Bonn – Die Horror-Fahrt der Linie 66 in der Nacht vom 22. Dezember 2019: Jetzt kam die schlimme Ursache ans Licht. EXPRESS erfuhr exklusiv: Der Fahrer, der bewusstlos in der Fahrerkabine zusammengebrochen war, soll unter Epilepsie leiden!

Das aber habe er den Stadtwerken Bonn (SWB) bei seinem Bewerbungsgespräch nicht mitgeteilt. Die SWB sollen den Mann jetzt gefeuert haben. Der 47-Jährige hatte erst im September bei den SWB angefangen, befand sich also noch in der Probezeit.

Bonner Linie 66: Staatsanwalt in Fall involviert

Das Bonner Verkehrsunternehmen wollte sich gegenüber EXPRESS nicht dazu äußern. Offiziell heißt es nur: „Der Fahrer wird von uns nicht mehr eingesetzt. Er hat zukünftig nicht mehr die persönlichen Voraussetzungen als Fahrer weiter tätig zu sein“, so Sprecherin Veronika John.

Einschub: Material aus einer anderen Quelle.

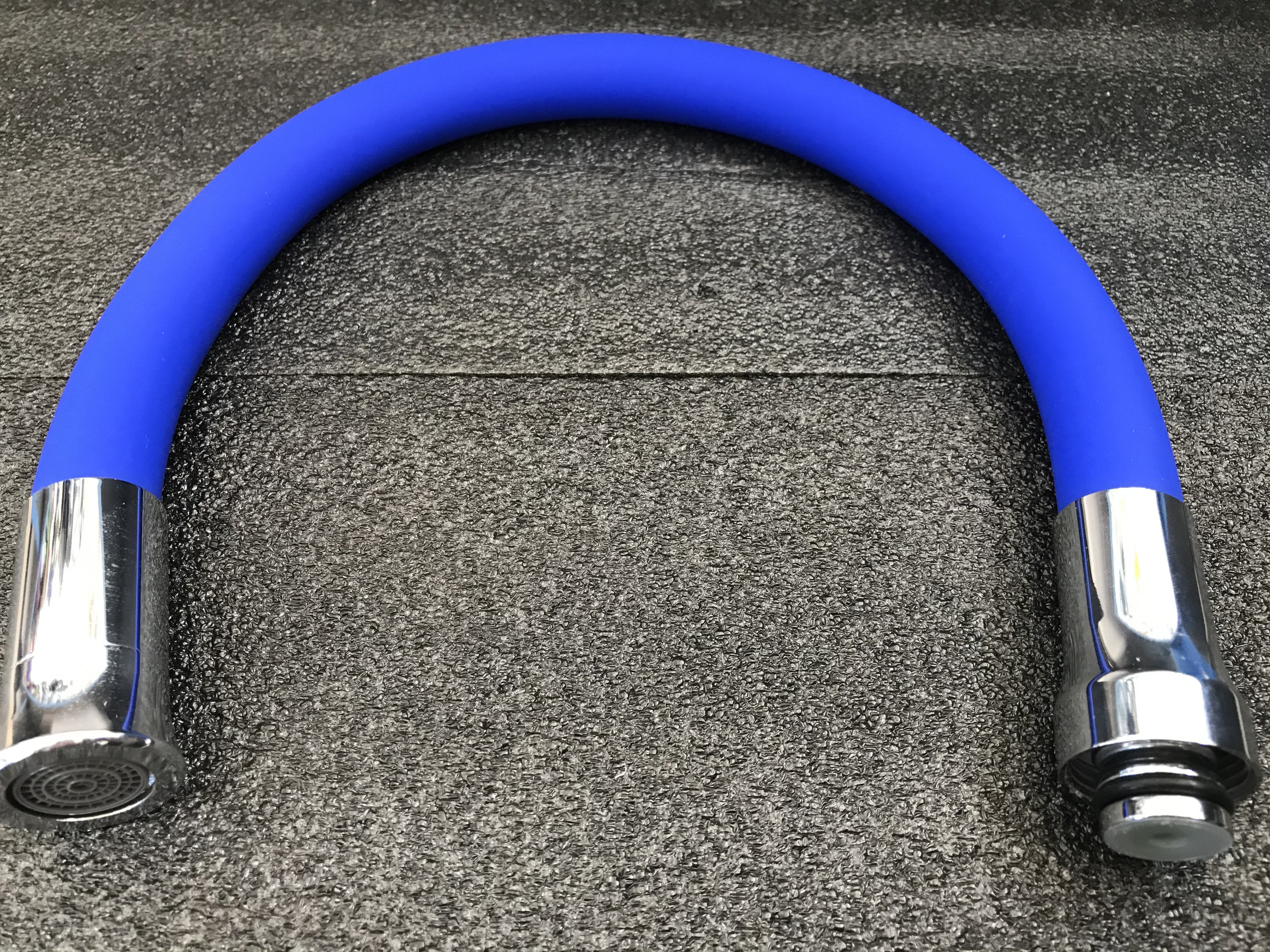 Гибкий излив для смесителя  Vaserzberg VS-2B (синий)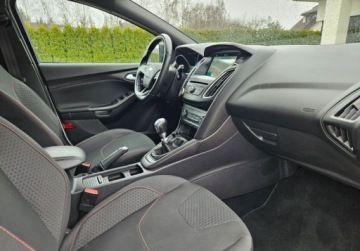 Ford Focus III Sedan Facelifting 1.5 EcoBoost 150KM 2017 Ford Focus 1.5 Benzyna 150 KM, ST-LINE, Niski przebieg,Polecam 1.5 Benzyna, zdjęcie 20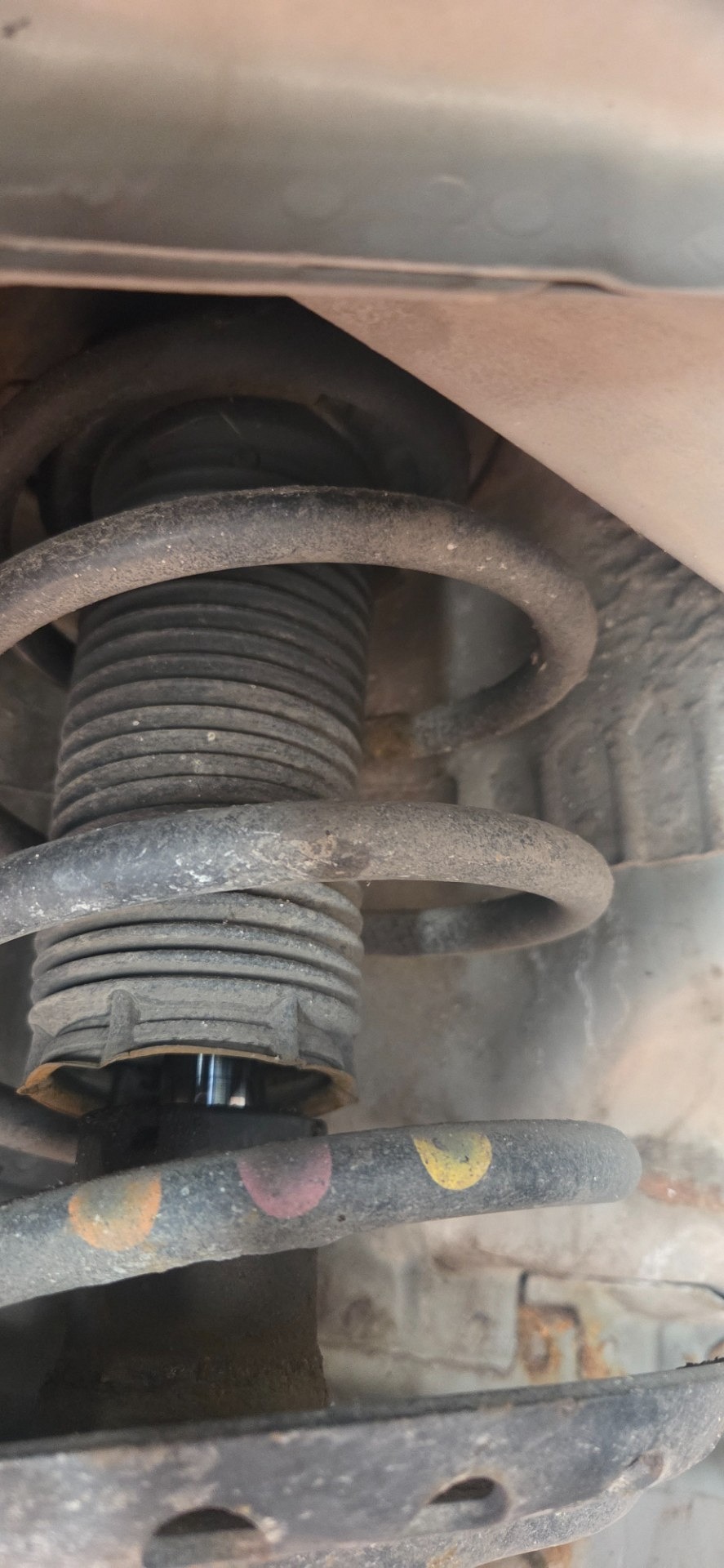 Stan sprężyn przedniej osi - FORD MONDEO IV Turnier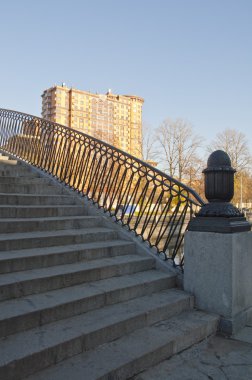 park sviblovo adlı küçük bir yaya köprüsü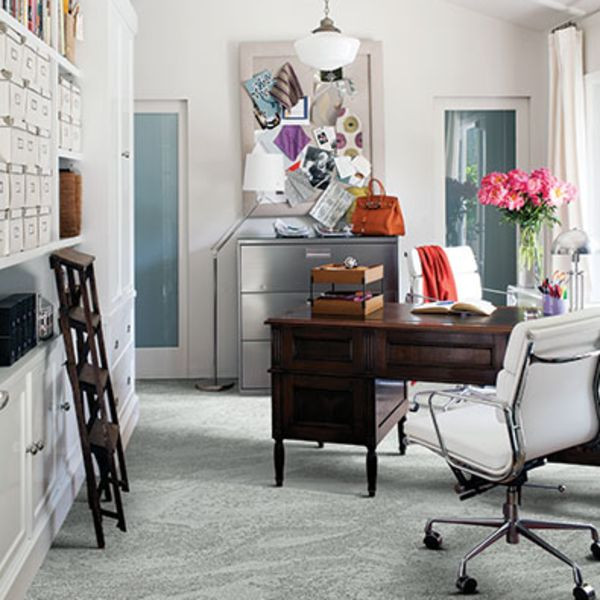 Idéer för stora hemmastudior, med vita väggar, heltäckningsmatta, ett fristående skrivbord och grönt golv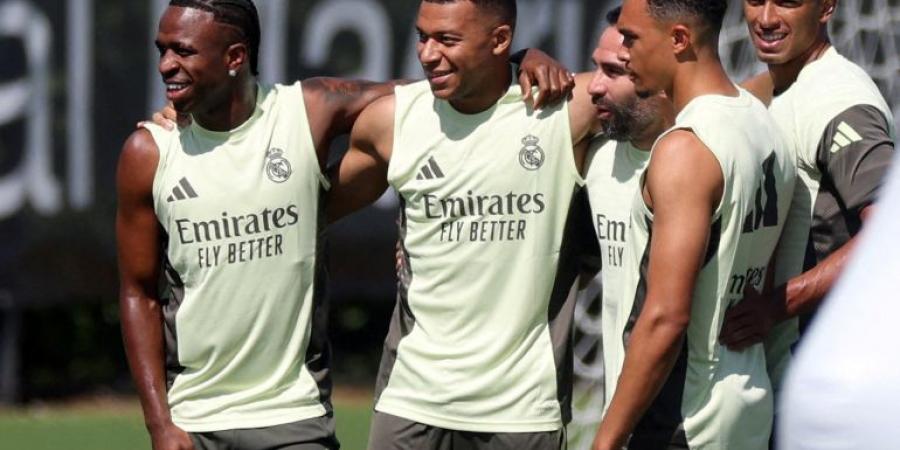 شاهد.. ألونسو يستعين بطائرة مسيرة لتحليل تدريبات ريال مدريد - هرم مصر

Alles zum Thema Polizeimeldungen

Auch die Bonner Staatsanwaltschaft ist in den Fall involviert, ermittelt, warum die Bahn nicht stoppte. Aber: Das Thema Epilepsie spielt dabei keine Rolle, wie EXPRESS erfuhr. „Wir bestätigen das so nicht“, meint Sprecher Dr. Sebastian Buß in Sachen Vorerkrankung des Fahrers. Aber: „Grundsätzlich ist Lügen beim Einstellungsgespräch strafrechtlich nicht relevant, wäre für uns ohnehin von untergeordneter Bedeutung.“

Linie 66: Durfte Fahrer die Erkrankung verschweigen?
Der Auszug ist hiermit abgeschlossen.